Data =>
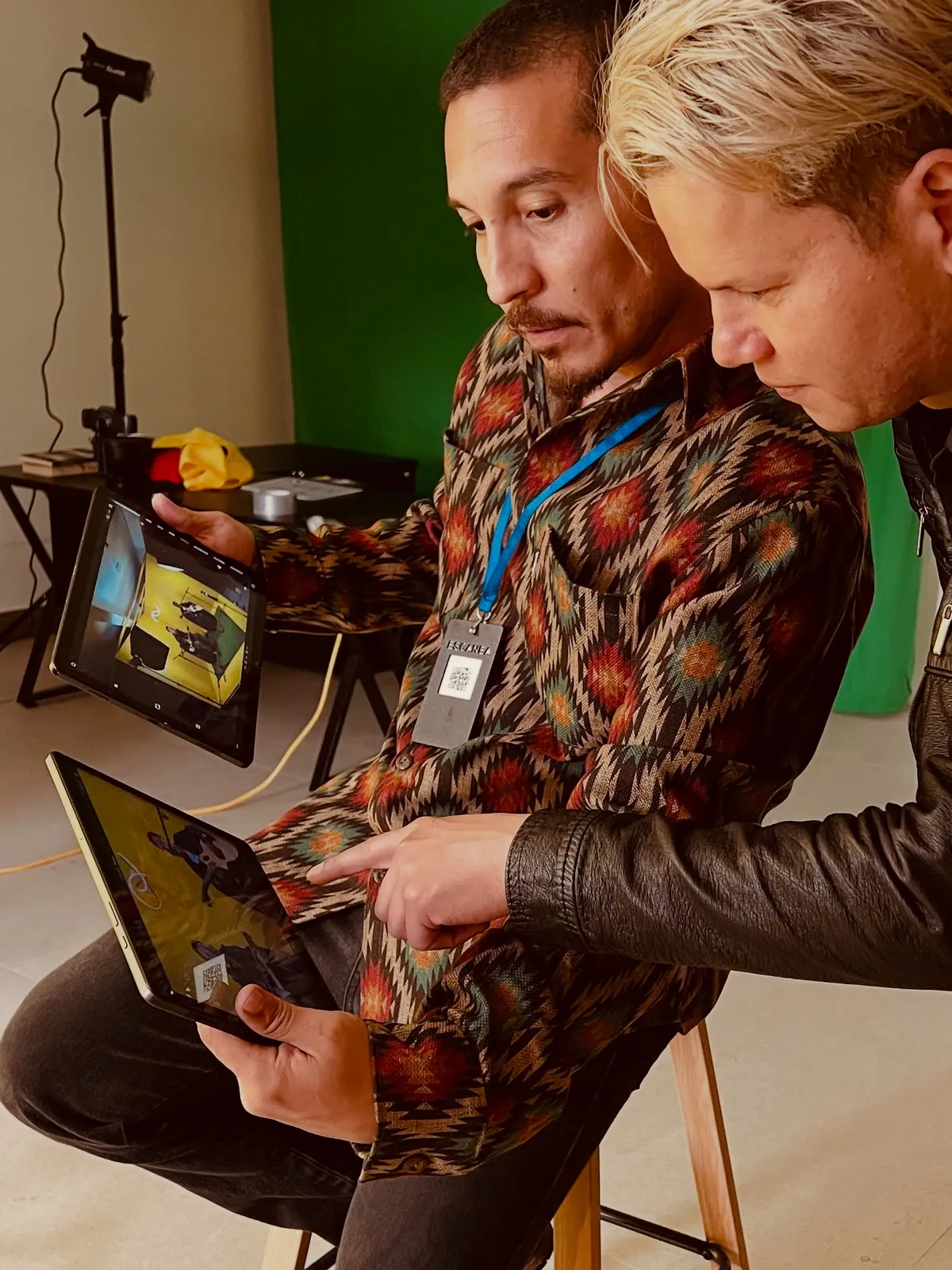 Producción en estudio: dos personas revisando tomas en tableta.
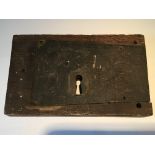 A Steel and Wood 19th Century lock no key. 25x15cm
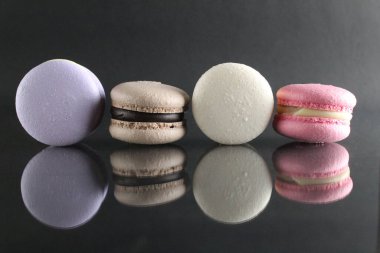 Dört kek, mavi pembe kahve, beyaz makaronlar aynalı bir yüzeye uzanıyorlar ve siyah bir arkaplan üzerine yansıtılıyorlar..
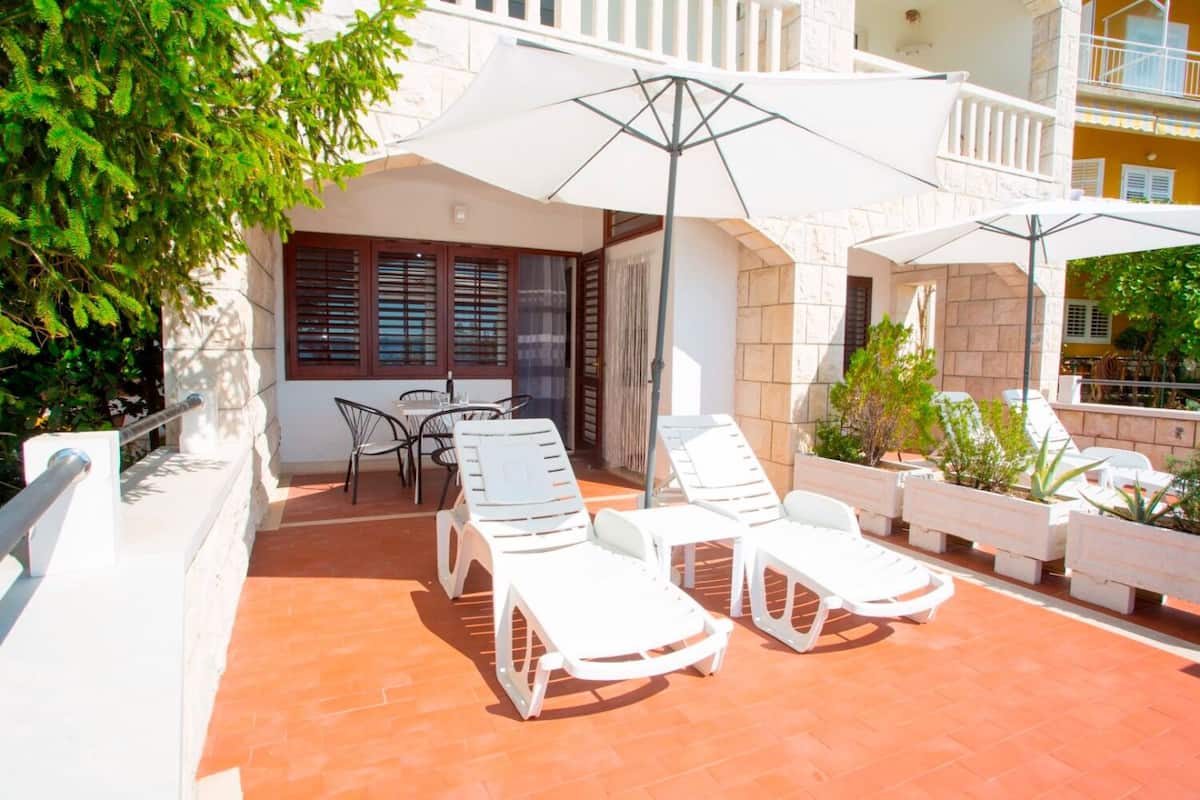 A terrace with white lounge chairs and a table, surrounded by potted plants and a white umbrella.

Work request => Give the data above again, exactly and completely. No pictures go in.

Completed exercise =>
 Producción en estudio: dos personas revisando tomas en tableta.
 A Steel and Wood 19th Century lock no key. 25x15cm
 Dört kek, mavi pembe kahve, beyaz makaronlar aynalı bir yüzeye uzanıyorlar ve siyah bir arkaplan üzerine yansıtılıyorlar..
 A terrace with white lounge chairs and a table, surrounded by potted plants and a white umbrella.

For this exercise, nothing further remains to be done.